Background — The mass media and clinical journals have reported lengthy waiting times after surgery before initiation of radiation therapy (RT) for cancer across Canada. We aimed to describe the length of time between the last date of surgery or biopsy or chemotherapy and first date of RT.
Methods — This is a population-based study measuring waiting times for RT in Ontario among all patients with potentially curable cancer of the cervix, tonsil and larynx and a random sample of women who had had breast cancer resection, whose first date of RT fell between Sept. 1, 2001, and Aug. 31, 2002. Abstraction of original health care records provided each patient's demographics, cancer stage and cancer treatment (last surgery, consultation, simulation, first RT). Last dates of chemotherapy before RT were obtained from abstraction or from Ontario Health Insurance Plan (OHIP) files, and last dates of surgery before RT were compared with dates in the Canadian Institute for Health Information (CIHI) Discharge Abstract Database.

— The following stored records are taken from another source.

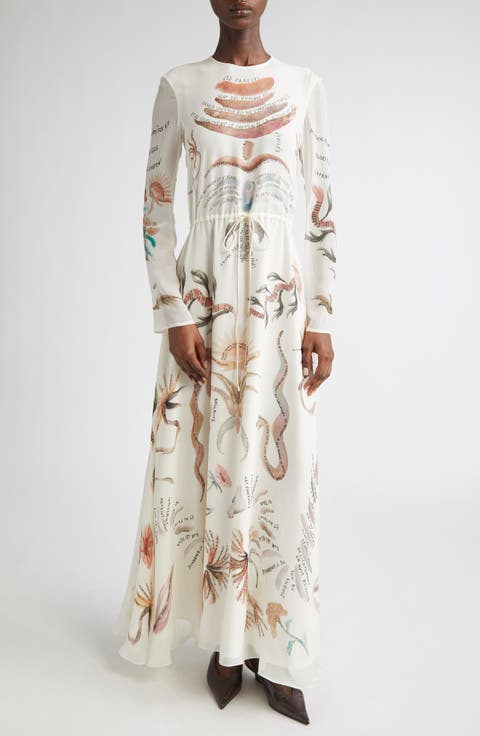 Sybbeline Long Sleeve Silk Georgette Maxi Dress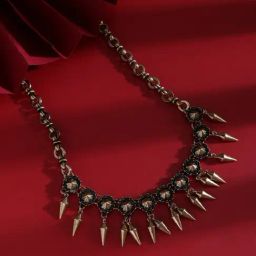 Sohi Multicolour Designer Statement Stones Necklace-12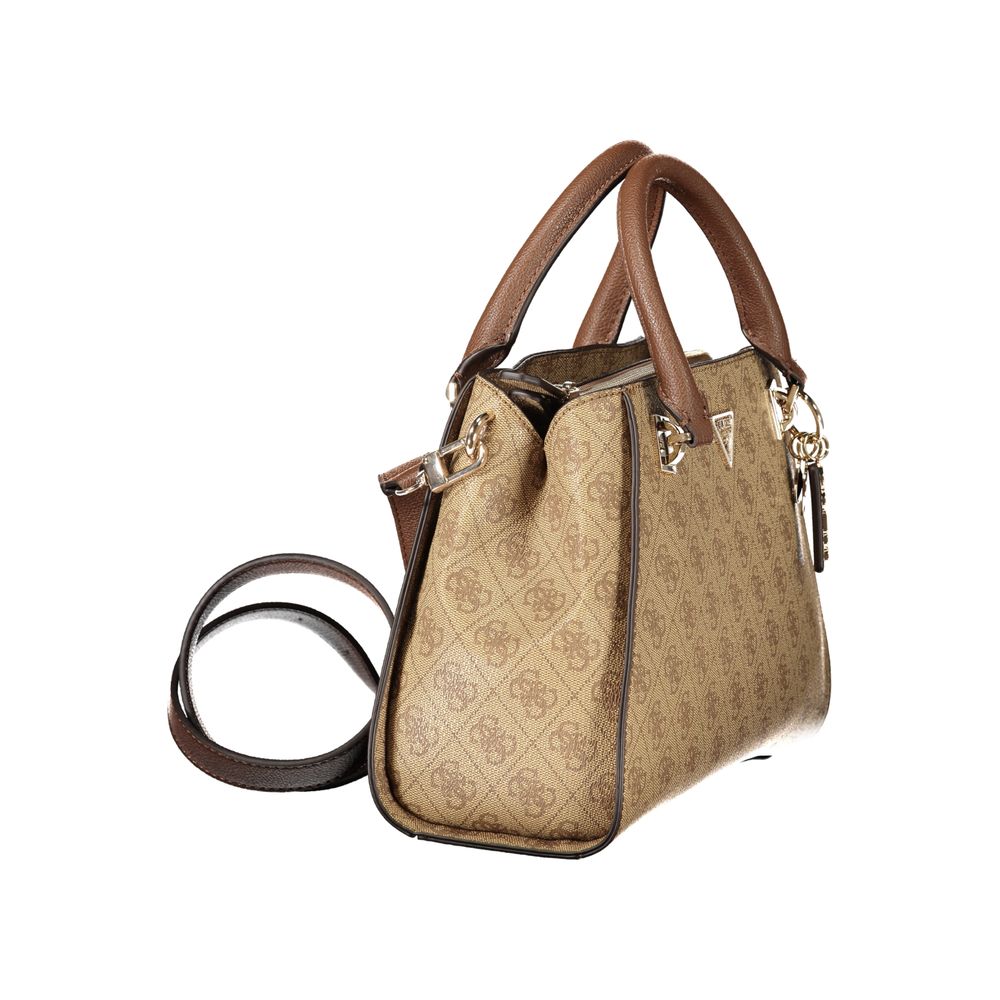Exclusive Guess Jeans Polyurethane Handbag – Beige — Back View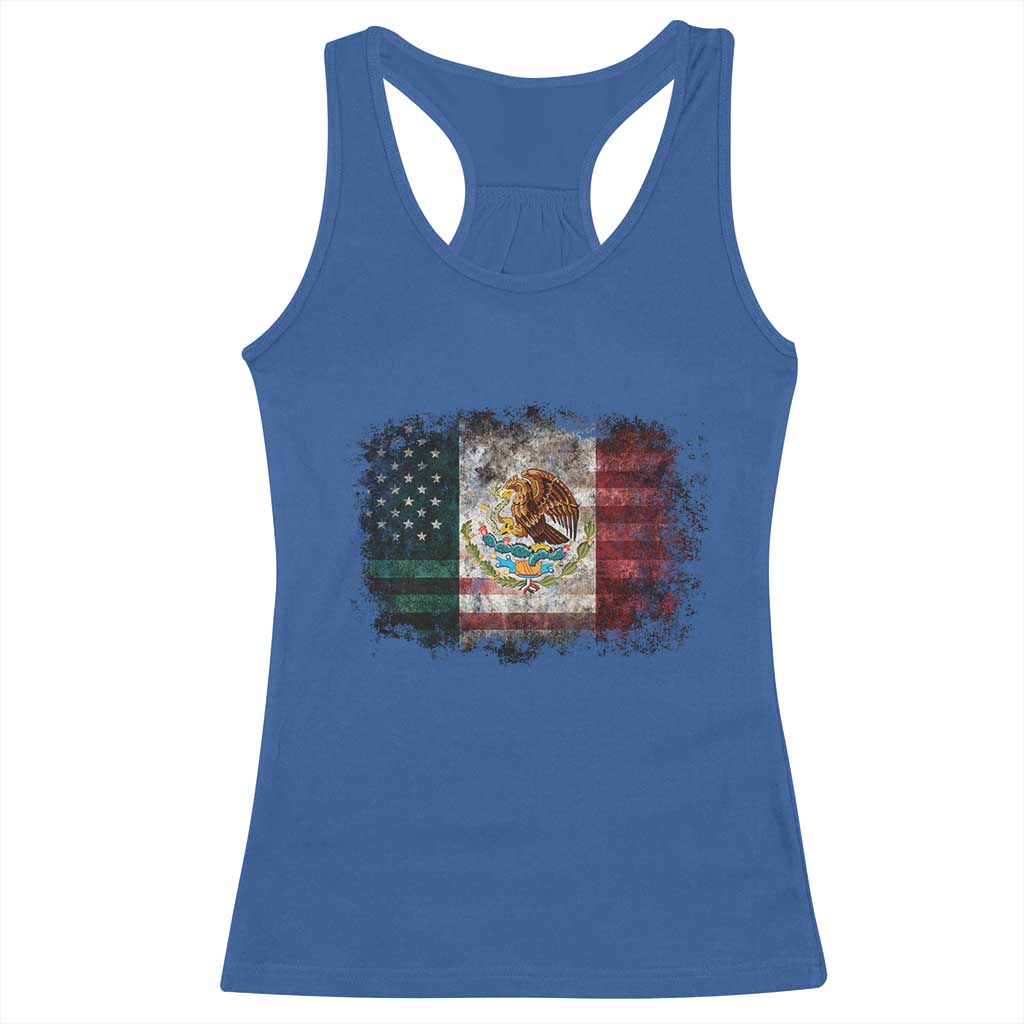 Vintage Mexican Flag Racerback Tank Top Eagle Mexico Heritage Mexican Roots TS10 Royal Blue Print Your Wear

Results — Waiting times between the last date of surgery or chemotherapy and the first date of RT varied significantly among the health regions of Ontario. Increasing age, but not the presence of comorbidity, was associated with longer waiting times. Women who did not receive postoperative chemotherapy before RT for breast cancer waited significantly longer than all others.
Conclusion — Measurement of waiting times for cancer RT must discount time during which adjuvant intravenous chemotherapy is administered after surgery and before RT. There appears to be a formal or informal process by which those at highest risk begin RT most rapidly.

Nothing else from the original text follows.